Re: [PATCH v2 1/5] bitops: Introduce find_next_andnot_bit()

From: Yury Norov
Date: Fri Aug 19 2022 - 08:44:27 EST


On Fri, Aug 19, 2022 at 11:34:01AM +0100, Valentin Schneider wrote:
> On 18/08/22 22:04, Andy Shevchenko wrote:
> > On Thu, Aug 18, 2022 at 8:18 PM Steven Rostedt <rostedt@xxxxxxxxxxx> wrote:
> >> On Thu, 18 Aug 2022 17:26:43 +0100
> >> Valentin Schneider <vschneid@xxxxxxxxxx> wrote:
> >>
> >> > How about:
> >>
> >> >
> >> > find the next set bit in (*addr1 & ~*addr2)
> >>
> >> I understand the above better. But to convert that into English, we could
> >> say:
> >>
> >>
> >> Find the next bit in *addr1 excluding all the bits in *addr2.
> >>
> >> or
> >>
> >> Find the next bit in *addr1 that is not set in *addr2.
> >
> > With this explanation I'm wondering how different this is to
> > bitmap_bitremap(), with adjusting to using an inverted mask. If they
> > have something in common, perhaps make them in the same namespace with
> > similar naming convention?
> >
>
> I'm trying to wrap my head around the whole remap thing, IIUC we could have
> something like remap *addr1 to ~*addr2 and stop rather than continue with a
> wraparound, but that really feels like shoehorning.

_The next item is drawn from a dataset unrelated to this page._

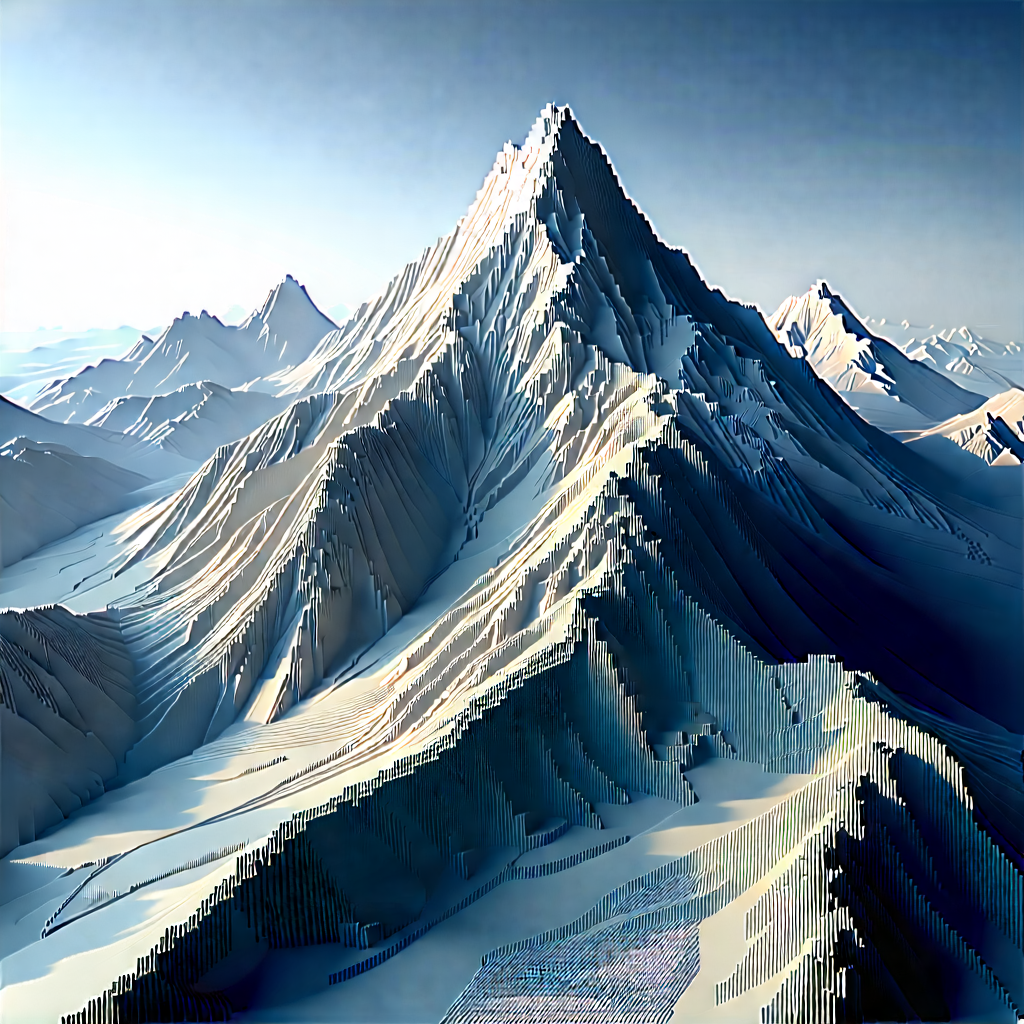 Nature Voxel Art: Aerial view of mountain range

Old and new maps create a simple forward-looking mapping, like this:
#0 #4
old: 0111 0 ...
| \\\|
New: 00 111 ...

So if you pass #0, it's wired to 0; but #1 will skip 1 bit and would be
wired to 2; and so on. There is some puzzling when wraparound comes in
play, but the general idea is like that.

I think there's nothing common with bitmap_and{,_not}.